For both methods, we derived their features on our dataset and applied their techniques. The results in Table 3 show the superiority of our combination of feature set, classifier and imputation method over previous work on host–pathogen PPI prediction.

4.3 Results on Yersinia–human PPI dataset

We demonstrate the consistency of our techniques on Yersinia pestis–human PPI prediction. The dataset comes from high-throughput experiments (Dyer et al., 2010) and has 4067 reported interactions. We build a negative class dataset using random pairs of proteins as described earlier, with a class ratio of 1:100. Features similar to the ones described in Table 2 were used. This PPI dataset also has several missing values as shown in Table 4. We apply the two best imputation techniques and show results for the 100 bootstrap-sampling experiments in Table 5. The overall accuracies are lower for this dataset as it comes from high-throughput experiments that tend to be noisy, and also because it has a larger proportion of missing values.

Table 4.

Percentage of examples with missing values in the Yersinia–human PPI dataset, for all features and separately for two features

Type	% Miss in positive	% Miss in random
All features	83%	85%
Gene expression	15–27%	24–43%
GO	39–66%	40–54%

Open in a new tab

Table 5.

Bootstrap sampling results on Yersinia–human PPI prediction comparing different imputation techniques

Method	Prec.	Rec.	F1
Mean Value	36.8	42.4	39.1
Cross species	44.6	42.8	43.7

Open in a new tab

5 CONCLUSION

We presented an imputation technique for dealing with missing values that arise in PPI prediction tasks. The improvements we obtain on both host–pathogen PPI datasets over prior approaches that use generic imputation methods clearly show the superiority of our method. We further observe that the importance of the imputed features in the learned classifiers is significant, implying that their imputation is important for prediction. Although our current work shows improvements in accuracy, we believe that the resulting models which are based on the MAR missingness assumption are less biased by the imputation technique as compared to the other commonly used methods. Characterizing and measuring such model bias as a consequence of imputation will be an interesting direction for future study, as it will make model selection more principled.
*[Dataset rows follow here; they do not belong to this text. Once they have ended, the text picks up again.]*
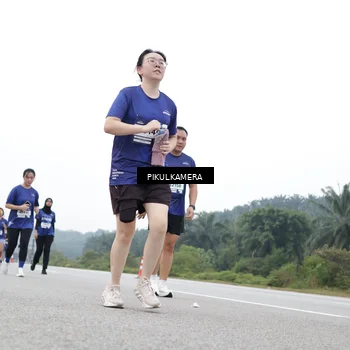 Runner Photo 7499865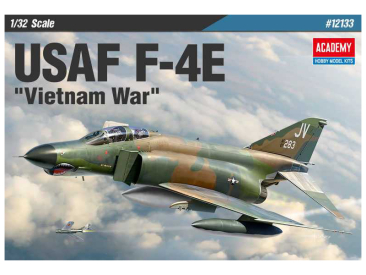 Academy McDonell F-4E USAF Vietnam War (1:32)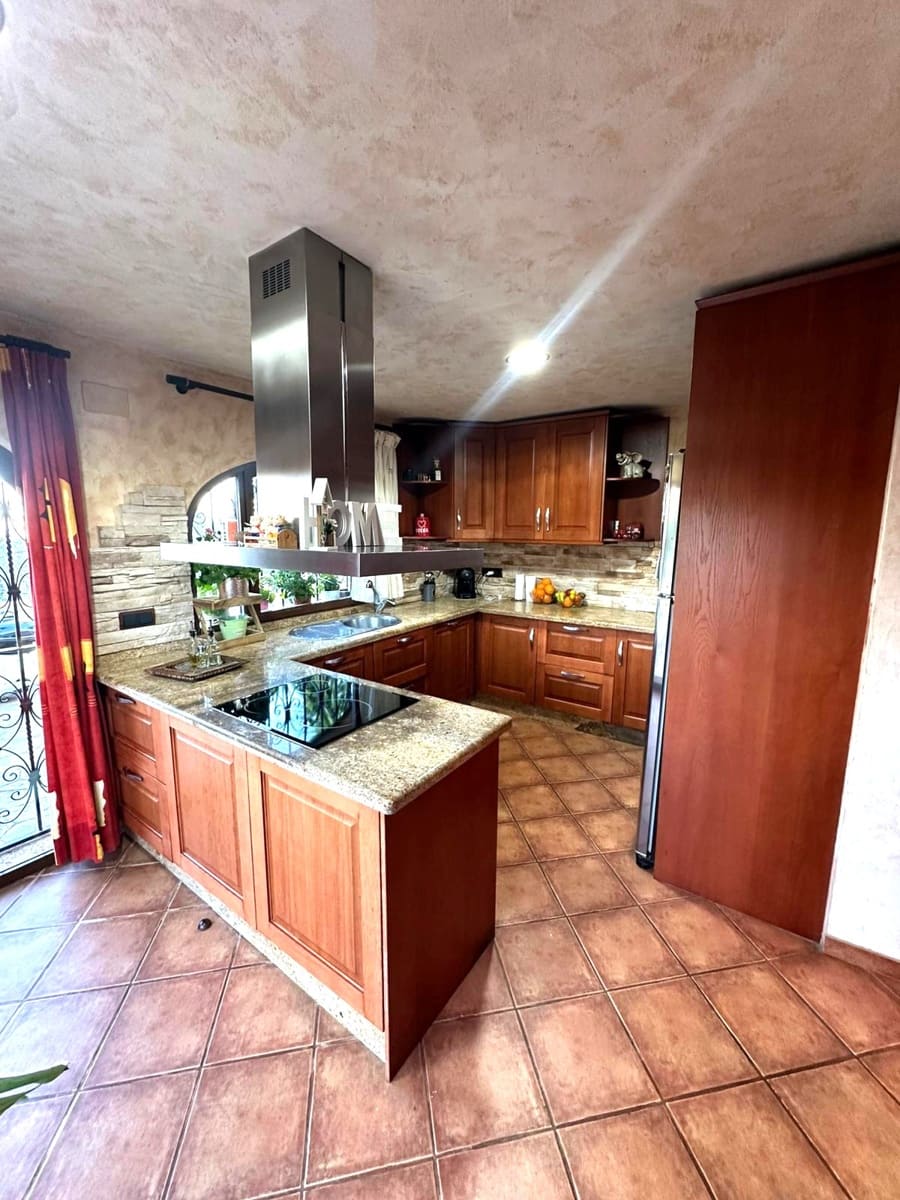 4 bedroom Villa for sale in Polop with garage - € 630,000 (Ref: 9785069)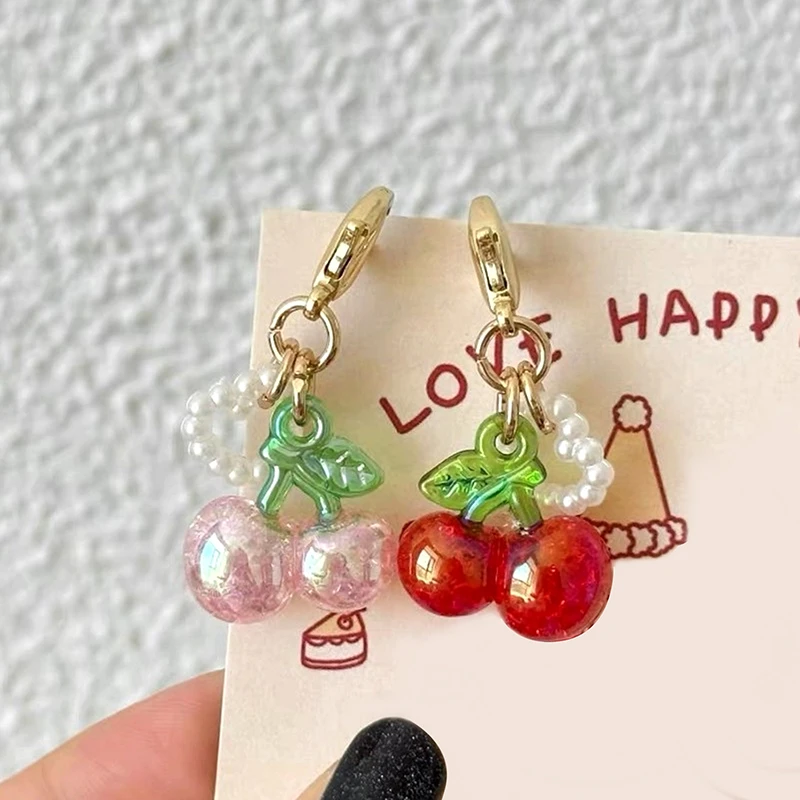 Rustic style Fresh and Sweet Crystal Cherry Keychain Strawberry Pearl Chain Bag Pendant Coin Purse Earphone Case Small Charm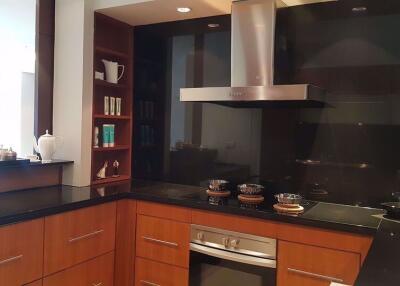 3 bed Condo in Royal Residence Park Lumphini Sub District C11111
Funding: In part, Richard King Mellon Foundation, EraSysBio+ from the European Union and BMBF to SHIPREC, NIH (P50GM082251 and 2RO1LM007994-05), and NSF (CCF-1144281).

Conflict of Interest: none declared.

Footnotes

¹We consider strains Typhimurium, Typhi and Enteritidis

²Terms from the three ontologies: cellular component, molecular function and biological process were combined for this analysis.

³Overlap = intersection of the two sets of GO terms or Pfam ids.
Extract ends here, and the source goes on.